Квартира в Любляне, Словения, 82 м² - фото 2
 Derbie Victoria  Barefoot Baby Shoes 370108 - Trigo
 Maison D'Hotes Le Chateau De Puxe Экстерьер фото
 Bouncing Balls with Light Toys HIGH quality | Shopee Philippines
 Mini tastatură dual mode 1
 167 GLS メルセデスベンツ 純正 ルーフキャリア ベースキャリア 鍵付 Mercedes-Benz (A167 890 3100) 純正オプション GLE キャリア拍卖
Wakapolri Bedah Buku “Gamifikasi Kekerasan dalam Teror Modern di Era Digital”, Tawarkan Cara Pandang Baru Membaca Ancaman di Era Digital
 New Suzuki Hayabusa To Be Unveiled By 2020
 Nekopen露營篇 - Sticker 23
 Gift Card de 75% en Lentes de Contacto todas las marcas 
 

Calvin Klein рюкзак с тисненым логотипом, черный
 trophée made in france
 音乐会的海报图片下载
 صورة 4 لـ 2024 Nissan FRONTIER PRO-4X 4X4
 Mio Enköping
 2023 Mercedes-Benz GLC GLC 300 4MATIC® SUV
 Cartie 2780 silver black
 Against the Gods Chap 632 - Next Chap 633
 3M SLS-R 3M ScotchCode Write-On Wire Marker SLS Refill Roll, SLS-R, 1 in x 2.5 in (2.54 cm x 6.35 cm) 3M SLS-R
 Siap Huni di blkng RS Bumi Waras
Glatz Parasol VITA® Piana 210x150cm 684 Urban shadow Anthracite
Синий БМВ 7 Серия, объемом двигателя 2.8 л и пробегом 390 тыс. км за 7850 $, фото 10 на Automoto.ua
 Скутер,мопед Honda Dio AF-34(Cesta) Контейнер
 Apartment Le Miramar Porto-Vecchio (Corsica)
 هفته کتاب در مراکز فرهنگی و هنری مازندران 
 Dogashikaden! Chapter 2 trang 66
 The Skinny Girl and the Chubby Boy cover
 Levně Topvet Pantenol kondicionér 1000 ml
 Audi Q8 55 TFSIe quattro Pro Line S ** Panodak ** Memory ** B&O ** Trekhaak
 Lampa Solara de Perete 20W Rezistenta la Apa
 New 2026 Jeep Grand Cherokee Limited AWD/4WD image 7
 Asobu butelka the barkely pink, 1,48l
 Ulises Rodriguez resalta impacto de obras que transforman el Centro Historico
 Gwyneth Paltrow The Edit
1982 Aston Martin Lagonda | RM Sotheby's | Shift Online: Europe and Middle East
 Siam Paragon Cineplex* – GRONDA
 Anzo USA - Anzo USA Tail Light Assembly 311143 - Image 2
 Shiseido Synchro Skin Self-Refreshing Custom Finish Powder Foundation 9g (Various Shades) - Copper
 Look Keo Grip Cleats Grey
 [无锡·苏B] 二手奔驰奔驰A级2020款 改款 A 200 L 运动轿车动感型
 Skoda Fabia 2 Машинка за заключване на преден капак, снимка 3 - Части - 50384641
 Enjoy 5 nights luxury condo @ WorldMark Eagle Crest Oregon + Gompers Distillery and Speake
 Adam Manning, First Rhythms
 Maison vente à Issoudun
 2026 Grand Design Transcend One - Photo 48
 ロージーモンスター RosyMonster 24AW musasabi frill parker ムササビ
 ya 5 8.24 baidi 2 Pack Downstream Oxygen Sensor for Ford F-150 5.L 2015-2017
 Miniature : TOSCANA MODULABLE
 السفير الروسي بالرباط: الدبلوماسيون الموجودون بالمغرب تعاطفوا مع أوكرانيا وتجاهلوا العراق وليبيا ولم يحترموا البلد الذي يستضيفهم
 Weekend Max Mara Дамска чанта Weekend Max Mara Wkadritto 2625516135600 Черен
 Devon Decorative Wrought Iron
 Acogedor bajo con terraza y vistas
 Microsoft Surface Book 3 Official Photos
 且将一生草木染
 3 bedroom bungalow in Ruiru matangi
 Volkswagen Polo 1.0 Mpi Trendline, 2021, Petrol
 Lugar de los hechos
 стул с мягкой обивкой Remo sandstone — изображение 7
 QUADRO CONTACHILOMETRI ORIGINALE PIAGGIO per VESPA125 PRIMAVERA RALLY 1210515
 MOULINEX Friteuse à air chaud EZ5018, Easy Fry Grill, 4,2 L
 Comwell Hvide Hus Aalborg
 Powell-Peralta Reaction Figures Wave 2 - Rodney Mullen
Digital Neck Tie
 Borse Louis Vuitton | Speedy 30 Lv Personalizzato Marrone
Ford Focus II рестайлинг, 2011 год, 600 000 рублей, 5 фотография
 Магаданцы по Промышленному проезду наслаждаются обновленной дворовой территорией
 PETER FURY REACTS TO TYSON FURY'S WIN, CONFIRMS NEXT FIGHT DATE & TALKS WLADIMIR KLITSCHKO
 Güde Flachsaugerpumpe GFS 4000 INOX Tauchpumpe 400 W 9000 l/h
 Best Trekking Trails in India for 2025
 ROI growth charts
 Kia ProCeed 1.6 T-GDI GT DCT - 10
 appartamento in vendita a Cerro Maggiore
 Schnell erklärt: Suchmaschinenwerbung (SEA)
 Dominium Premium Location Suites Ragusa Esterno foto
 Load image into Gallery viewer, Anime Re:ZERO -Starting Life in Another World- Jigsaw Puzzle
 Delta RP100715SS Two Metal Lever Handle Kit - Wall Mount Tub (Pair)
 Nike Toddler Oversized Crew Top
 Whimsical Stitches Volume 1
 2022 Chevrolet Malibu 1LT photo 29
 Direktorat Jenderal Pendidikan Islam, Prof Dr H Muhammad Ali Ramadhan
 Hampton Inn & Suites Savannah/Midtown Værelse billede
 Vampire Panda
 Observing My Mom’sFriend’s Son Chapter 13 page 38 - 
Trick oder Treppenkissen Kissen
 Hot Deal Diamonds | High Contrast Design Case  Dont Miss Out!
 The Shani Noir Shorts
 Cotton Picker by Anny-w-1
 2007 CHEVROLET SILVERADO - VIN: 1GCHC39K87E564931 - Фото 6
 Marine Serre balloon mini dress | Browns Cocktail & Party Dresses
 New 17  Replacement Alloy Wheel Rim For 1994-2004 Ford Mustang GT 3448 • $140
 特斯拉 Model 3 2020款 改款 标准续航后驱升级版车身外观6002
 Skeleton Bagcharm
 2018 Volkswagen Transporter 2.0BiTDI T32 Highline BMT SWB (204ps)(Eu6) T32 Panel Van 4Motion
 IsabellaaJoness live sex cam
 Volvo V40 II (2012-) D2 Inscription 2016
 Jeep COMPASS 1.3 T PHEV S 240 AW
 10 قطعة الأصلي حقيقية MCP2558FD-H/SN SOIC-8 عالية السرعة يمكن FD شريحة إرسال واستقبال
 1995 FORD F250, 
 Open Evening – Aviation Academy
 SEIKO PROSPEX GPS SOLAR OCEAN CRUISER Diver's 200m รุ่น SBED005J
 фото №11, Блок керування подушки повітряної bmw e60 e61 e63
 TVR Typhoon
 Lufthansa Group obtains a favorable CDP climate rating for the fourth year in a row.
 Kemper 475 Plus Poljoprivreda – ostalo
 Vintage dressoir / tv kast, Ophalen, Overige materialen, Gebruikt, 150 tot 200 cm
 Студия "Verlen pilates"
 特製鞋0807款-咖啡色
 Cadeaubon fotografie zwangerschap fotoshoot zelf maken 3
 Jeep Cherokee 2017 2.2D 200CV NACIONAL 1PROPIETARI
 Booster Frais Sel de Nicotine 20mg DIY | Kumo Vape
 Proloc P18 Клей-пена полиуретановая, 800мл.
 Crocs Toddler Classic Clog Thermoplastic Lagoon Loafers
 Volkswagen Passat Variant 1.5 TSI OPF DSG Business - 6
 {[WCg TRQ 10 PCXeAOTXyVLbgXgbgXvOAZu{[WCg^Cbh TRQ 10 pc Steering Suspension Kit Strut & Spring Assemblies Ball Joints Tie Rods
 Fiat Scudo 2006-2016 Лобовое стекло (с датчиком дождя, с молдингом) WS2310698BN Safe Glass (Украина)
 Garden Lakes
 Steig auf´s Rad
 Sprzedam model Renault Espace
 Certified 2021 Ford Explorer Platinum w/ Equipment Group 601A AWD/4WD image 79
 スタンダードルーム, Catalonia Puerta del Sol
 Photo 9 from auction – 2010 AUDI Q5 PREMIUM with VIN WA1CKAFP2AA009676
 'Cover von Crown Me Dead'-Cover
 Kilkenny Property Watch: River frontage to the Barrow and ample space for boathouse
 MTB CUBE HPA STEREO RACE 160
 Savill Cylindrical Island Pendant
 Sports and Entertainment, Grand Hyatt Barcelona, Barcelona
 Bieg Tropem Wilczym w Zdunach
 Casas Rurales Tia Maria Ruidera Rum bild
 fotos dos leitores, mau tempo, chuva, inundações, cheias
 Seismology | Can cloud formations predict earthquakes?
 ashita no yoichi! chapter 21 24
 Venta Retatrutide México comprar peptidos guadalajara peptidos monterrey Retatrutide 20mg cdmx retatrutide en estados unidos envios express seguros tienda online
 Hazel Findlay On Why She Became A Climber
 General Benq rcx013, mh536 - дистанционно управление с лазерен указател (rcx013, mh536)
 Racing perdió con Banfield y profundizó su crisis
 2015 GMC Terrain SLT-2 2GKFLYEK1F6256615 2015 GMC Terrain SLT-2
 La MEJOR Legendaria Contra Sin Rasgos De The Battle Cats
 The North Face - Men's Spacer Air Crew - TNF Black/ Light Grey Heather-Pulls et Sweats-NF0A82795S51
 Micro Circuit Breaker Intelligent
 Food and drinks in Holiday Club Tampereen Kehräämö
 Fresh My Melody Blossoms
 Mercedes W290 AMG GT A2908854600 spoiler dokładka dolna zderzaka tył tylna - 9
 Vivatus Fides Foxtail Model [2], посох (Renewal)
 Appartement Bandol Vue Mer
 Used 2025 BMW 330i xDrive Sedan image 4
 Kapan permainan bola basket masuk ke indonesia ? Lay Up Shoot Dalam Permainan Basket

******

◆ Problem to work on
In the material above, transcribe exactly the lines beginning at the one with "特斯拉 Model 3 2020款 改款 标准续航后驱升级版车身外观6002" and ending at the one with "Open Evening – Aviation Academy", both included.

◆ The completed task
 特斯拉 Model 3 2020款 改款 标准续航后驱升级版车身外观6002
 Skeleton Bagcharm
 2018 Volkswagen Transporter 2.0BiTDI T32 Highline BMT SWB (204ps)(Eu6) T32 Panel Van 4Motion
 IsabellaaJoness live sex cam
 Volvo V40 II (2012-) D2 Inscription 2016
 Jeep COMPASS 1.3 T PHEV S 240 AW
 10 قطعة الأصلي حقيقية MCP2558FD-H/SN SOIC-8 عالية السرعة يمكن FD شريحة إرسال واستقبال
 1995 FORD F250, 
 Open Evening – Aviation Academy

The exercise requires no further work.